The authors weren’t able to use that data to crunch numbers, but it gave Griffin baseline figures with which to evaluate cost estimates he was able to dig up independently. Those costs were combined with estimates of the wind power available at different spots, and then mapped.

The economic analysis presented in the paper shows that the Block Island project, built by Providence-based Deepwater Wind, will likely lose money, even though sited in the most lucrative location.

With five turbines, it’s too small to enjoy economies of scale for all of the installation costs. But for Deepwater Wind, the point is to demonstrate that this type of project can be successful, Griffin said.

“By having successfully done this in one location, that gives them a huge advantage over companies that are not proven,” he said.

The company has a much bigger offshore windfarm project planned a few miles to the southeast of the Block Island location. Many other projects, by various companies, offshore of Maryland, New Jersey, and other states, are in exploratory and planning stages.

Altogether, the Block Island analysis highlights the location where the turbines are being built as ideal for both minimizing visibility and maximizing harvested energy. This type of analysis could have sped the Block Island project along and increased public support from the beginning, said co-author Anne Guerry, a Woods senior research associate and Natural Capital Project lead scientist.

“Rhode Island went through a huge public engagement process and visual issues came up a lot,” Guerry said. “Some of that process could have been reduced by using this type of analysis. This approach doesn’t make visibility concerns go away, but it acknowledges them upfront and allows for more detailed discussions of who can see what from where.”

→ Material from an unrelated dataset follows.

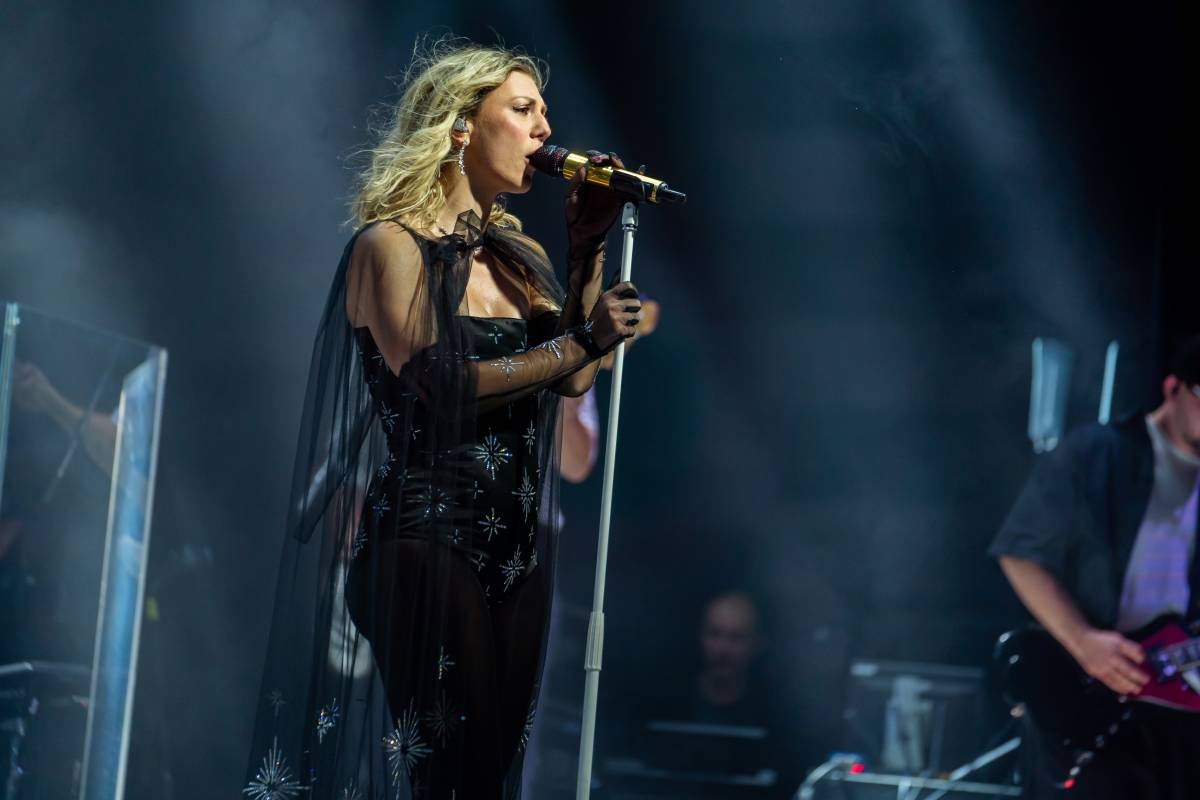 Lenny jak ji neznáte. Za doprovodu smyčcového orchestru představila v Brně své písně v unikátních aranžích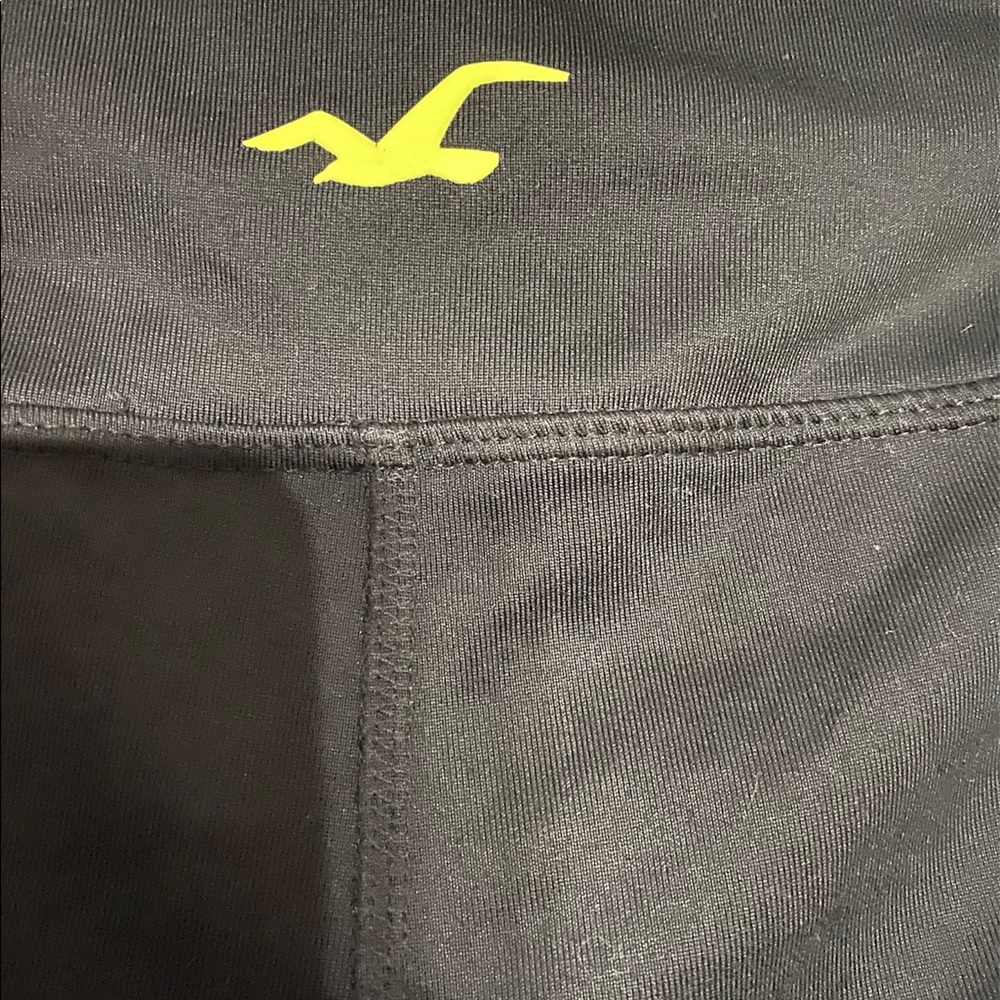 Hollister cris cross side capris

Griffin hopes future projects will consider using visibility and wind energy values in their siting analyses—and he and his co-authors have made it easier to do so by building their approach into the Natural Capital Proejct's free and open-source InVEST software toolset.

“In the Block Island analysis, we showed that the project was well-sited, considering both visibility and the energy resources," Griffin said. "It doesn’t really help after the fact, but for all these new locations where the location is up in the air, this analysis can be really helpful.”

Co-authors of "Incorporating the Visibility of Coastal Energy Infrastructure Into Multi-Criteria Siting Decisions," include Griffin, Nicolas Chaumont, Douglas Denu, Guerry, Choon-Ki Kim and Woods Consulting Professor Mary Ruckelshaus (Natural Capital Project).